L’effondrement de Credit Suisse – Mesures

La reprise par UBS de Credit Suisse en péril, ainsi que les mesures concomitantes prises par les autorités suisses, ont assuré une stabilité immédiate. La Suisse a ainsi écarté par ses propres moyens le risque d’une crise financière internationale. Les dépôts et les prestations de services bancaires n’ont été menacés à aucun moment. Au cours des dernières années, les banques suisses ont réussi à mener à bien une transformation réglementaire fondamentale. Elles disposent aujourd’hui de volants de fonds propres et de liquidités massivement renforcés. C’est ce qui a permis à UBS de reprendre Credit Suisse. C’est aussi ce qui rend la place bancaire suisse robuste et assure son bon positionnement en comparaison internationale.
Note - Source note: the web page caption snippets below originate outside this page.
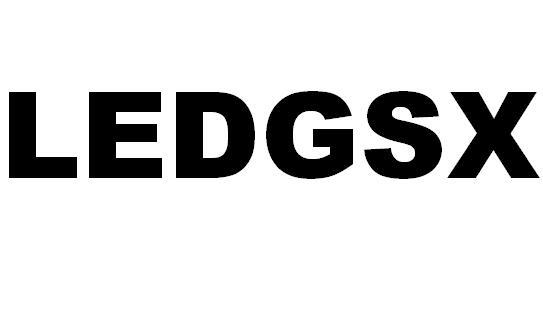 LEDGSX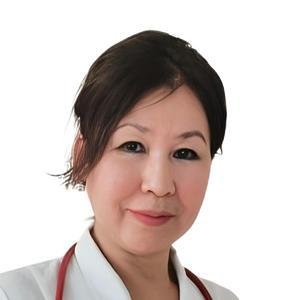 Дүйсембекова Айгүл Әбдібекқызы, неонатолог - Алматы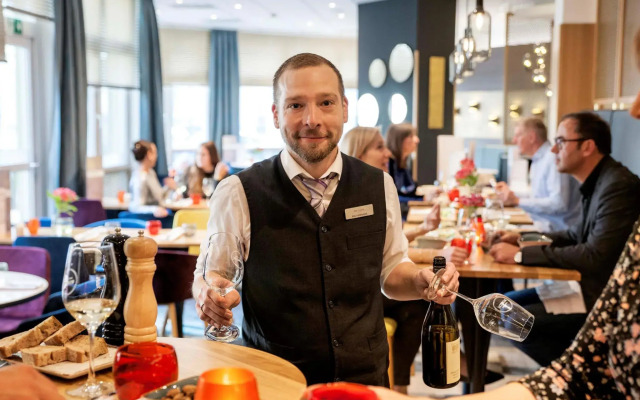 Mercure Hotel Hannover City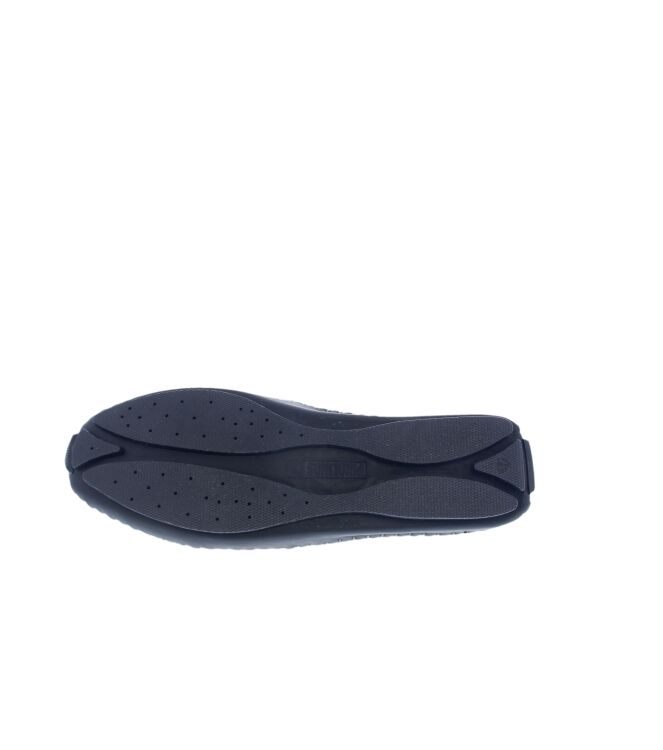 Pikolinos Jerez black  Pikolinos 578-7399, Instappers dames Direct leverbaar uit de webshop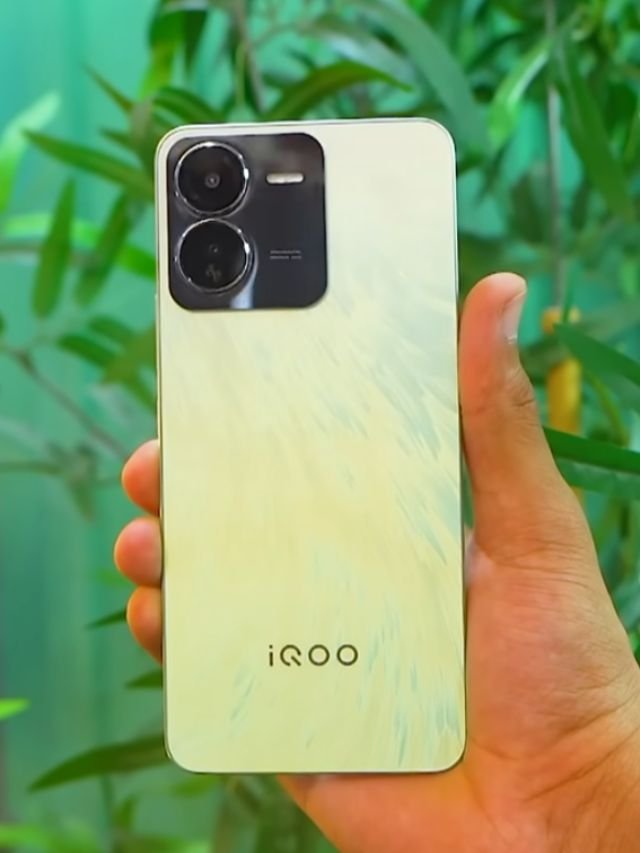 iQOO Z9 Series: अच्छा है मौका iQOO ने लॉन्च किये 3 तगड़े स्मार्टफोन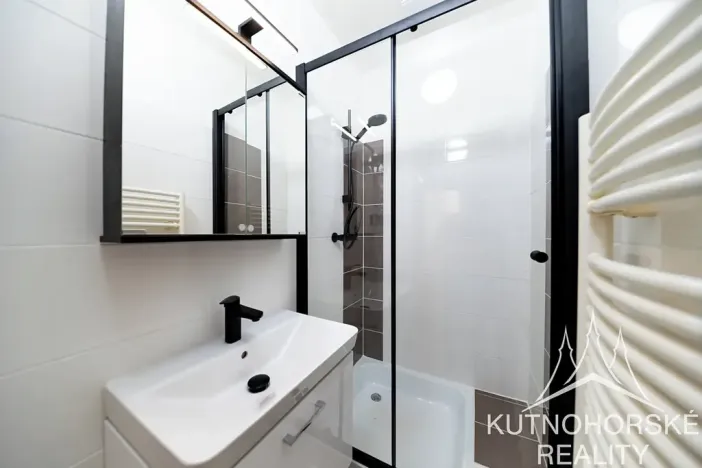 Prodej bytu 2+kk, Praha - Žižkov, Spojovací, 40 m2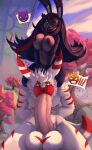 2022 angry anthro anthro_on_anthro ashley_(rain-horse) autofellatio bade_(rain-horse) ball_markings balls bat-eared_fox big_balls big_breasts big_penis black_body black_fur black_hair black_nose bodily_fluids breasts bridge canid canine cheek_bulge cherry_blossom cherry_tree competition defeated detailed_background dominant dominant_female duo enraged erect_nipples erection exclamation_point female flower fluffy_ears folded force_feeding forced forced_autofellatio forced_oral fox frown fruit_tree fur fur_markings genital_fluids genital_markings genitals grin hair hand_on_head hands_behind_back heart_symbol hi_res highlights_(coloring) huge_breasts huge_penis humiliation hyper hyper_genitalia hyper_penis kneeling lagomorph laugh leporid long_ears long_hair long_penis male male/female male_focus mammal markings masturbation mocking mole_(marking) multicolored_body multicolored_fur muscular navel neck_tuft nipples on_bottom on_top oral oral_masturbation orange_eyes orgasm penile penile_masturbation penis penis_in_mouth penis_in_own_mouth plant prunus_(flower) pushing_down r.g.buzsz rabbit rabbit_ears red_body red_fur role_reversal rough_sex sex sexual_competition sexual_fight sitting_on_another size_difference small_dom_big_sub smile speech_bubble struggling struggling_to_fit submissive submissive_male thick_hair thick_thighs tree tuft two_tone_body two_tone_fur vein veiny_penis waterfall white_body white_fur wide_hips yellow_eyes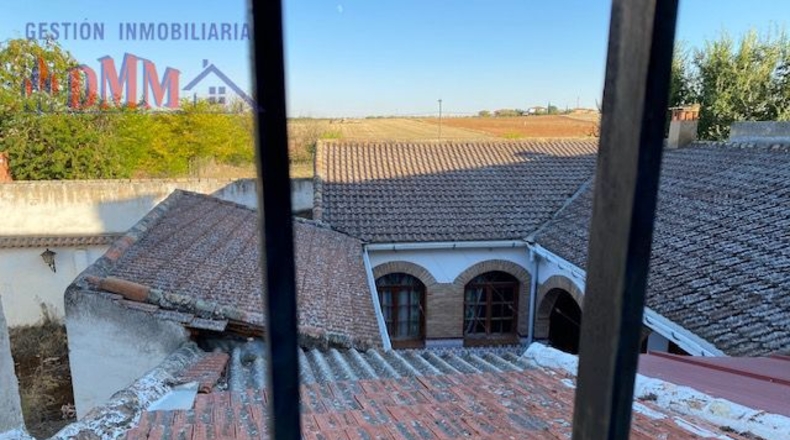 Ciudad Real - Fernán Caballero - 429m2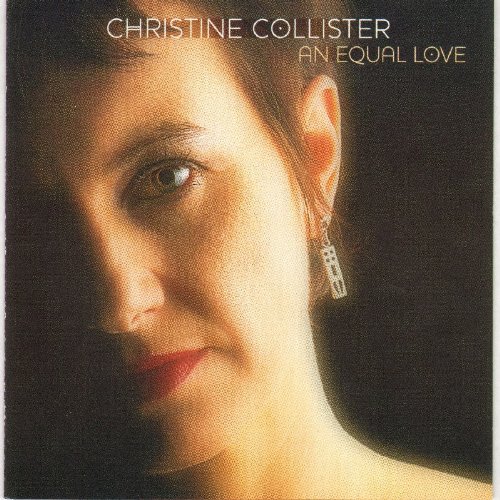 CHRISTINE COLLISTER : EQUAL LO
Sur des aspects majeurs, la réglementation too big to fail (TBTF) a passé avec succès le test de réalité, mais il reste à la soumettre à une analyse globale et, le cas échéant, à l’adapter ponctuellement. L’analyse des événements qui ont conduit à l’effondrement de Credit Suisse est toujours en cours. On dispose toutefois de premières conclusions et les rapports déjà publiés formulent des recommandations concernant différents champs d’action en matière de réglementation bancaire. Tel est l’objet de la présente prise de position. 

L’essentiel en bref 

  • Les banques suisses apportent une contribution décisive à l’économie et à la prospérité de la population nationale. Pour que tel soit durablement le cas, le cadre réglementaire doit être compétitif à l’échelon international. 
  • On connaît désormais pour l’essentiel les facteurs qui, au fil du temps, ont mis à mal Credit Suisse en termes de réputation et de confiance avant d’entraîner sa chute. Le cadre réglementaire existant comporte des lacunes manifestes que des mesures ciblées permettraient de combler. 
  • Nous considérons qu’il est prioritaire, en particulier, d’améliorer encore l’approvisionnement du système bancaire en liquidités par la Banque nationale suisse (BNS), d’introduire le public liquidity backstop (PLB), de procéder à des ajustements en ce qui concerne les rémunérations et les responsabilités, ainsi que d’améliorer la surveillance par l’Autorité fédérale de surveillance des marchés financiers (FINMA). 
  • En revanche, selon nous, les exigences de fonds propres qui s’imposent aux banques d’importance systémique en Suisse sont suffisantes et il n’y a pas lieu de les renforcer globalement. Ces exigences sont conformes aux normes internationales, elles sont strictes par rapport à celles qui prévalent sur d’autres places financières comparables et elles le seront encore bien davantage à partir de 2025, dans le cadre de Bâle III final. 
  • Credit Suisse était une banque d’importance systémique à l’échelon mondial et si l’on a pu éviter que son effondrement ait des répercussions internationales, c’est grâce à l’intervention d’UBS et des autorités. En conséquence, s’agissant des mesures potentielles à prendre, deux critères décisifs s’imposent. Premièrement, il est important de privilégier une approche adaptée au problème (proportionnalité); les réactions réglementaires doivent tenir compte de la taille de l’établissement concerné, de son importance systémique, de son modèle d’affaires et de l’internationalisation de ses activités. Deuxièmement, il y a lieu de renforcer judicieusement la robustesse du secteur tout entier, afin que ce dernier soit mieux à même d’absorber les chocs externes; l’approvisionnement en liquidités par la BNS contre des garanties est un aspect essentiel à cet égard.
Approvisionnement en liquidités 

La crise liée à Credit Suisse a montré toute l’importance d’un dispositif robuste garantissant des liquidités suffisantes. En premier lieu, cela suppose que les banques disposent d’un solide système de gestion des liquidités en interne. En deuxième lieu, il est essentiel que toutes les banques, dès lors qu’elles sont solvables et remplissent certaines conditions, puissent obtenir de manière souple et rapide des liquidités auprès de la BNS contre des garanties disponibles et réalisables, en particulier lorsqu’elles ne parviennent plus à se refinancer sur le marché. Ainsi, l’approvisionnement en liquidités permet de se passer de garantie étatique, contribue substantiellement à préserver la stabilité du système et réduit nettement les risques pour la Confédération. En troisième lieu, dans l’intérêt de la stabilité du système, il est essentiel également que la Suisse se dote à son tour du public liquidity backstop (PLB), un instrument d’accompagnement en cas d’assainissement d’une banque d’importance systémique. 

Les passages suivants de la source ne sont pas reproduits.